Now, this question is not really a sbv question, nor a Haskell question and there's nothing really wrong with the above code (it solves 1000-value-puzzle lists, with huge X,Y and Z coordinates in little over a minute on my machine which is good enough for me). This question is about (0 :: SInteger) found in countInRange.

If I change (0 :: SInteger) to (0 :: SInt32) it causes the solution to take a very very long time (I kicked it off when I started typing this question and that was 16 minutes ago and counting).

So, what gives? Why is SInt32 so much slower in this case? Is it because I'm mixing domains (using SInteger elsewhere)?
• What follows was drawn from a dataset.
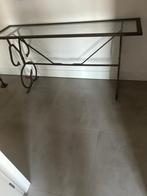 Mooie sidetable, Ophalen, 100 tot 150 cm, Glas, Zo goed als nieuw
I would have thought that the unbounded SInteger representation would be slower than the bounded Int32.

Note that the symbolic type in question is only used for counting matching values from puzzle (thus it will always be <= 1000, i.e. the length of puzzle).

UPDATE I killed the Int32 solution after 40 minutes of running.

When you code a problem like this in SBV, there are two places where performance can come into play:

• SBV might be taking a long time to produce the query itself
• SBV sends the query to the solver fine, but the solver is taking a long time to respond

From your description, it seems to be the latter; but you can make sure this is the case by calling optimize like this:

optimizeWith z3{verbose=True} ...

What this will do is to print the interaction SBV has with the backend solver. At some point, you'll see:

[SEND] (check-sat)

This means SBV has done its job and is now waiting for the solver to come back with an answer. Run your program again with this option turned on. If SBV is taking its time, then you'll not see the above [SEND] (check-sat) line, and that should be reported as an SBV issue here: https://github.com/LeventErkok/sbv/issues

More likely though, SBV is sending the check-sat fine, but the solver is taking much longer to respond when you use SInt32 as opposed to SInteger.

Assuming this is the case, then this is likely because your problem is much harder to solve when the underlying type is SInt32. You're doing a lot of arithmetic and asking the solver to maximize and minimize two separate goals. You can imagine that if you have unbounded Integer values, maximizing the addition of numbers might be easy to deal with: As the arguments increase so will their sum. But such is not true for SInt32: Once values start overflowing, the sum will be much lower than the arguments due to wrap-around. So, with modular arithmetic, the search space becomes much more interesting and much larger compared to the SInteger case. Bottom line is that while SInt32 has a finite representation, optimization problem over SInt32 x SInt32 x SInt32 (you have three variables), can be much more difficult due to how arithmetic works as compared to SInteger x SInteger x SInteger. In particular, the solution over SInt32 will not necessarily be the same over SInteger, again due to modular arithmetic.

Of course what happens behind the doors inside z3 is rather a black-box, and maybe they are being unreasonably slow. If you think this is the case, you might be able to report it to z3 folks as well. SBV can generate a transcript for you to send to them, when used like this:

optimizeWith z3{transcript = Just "longRun.smt2"} ...

This will create a file longRun.smt2 in SMTLib notation that can be fed to the solver outside of the Haskell ecosystem. You can file such a bug at: https://github.com/Z3Prover/z3/issues, but do keep in mind that SBV generated SMTLib files can be long and verbose: If you can reduce the problem size somehow still demonstrating the issue, that would be helpful.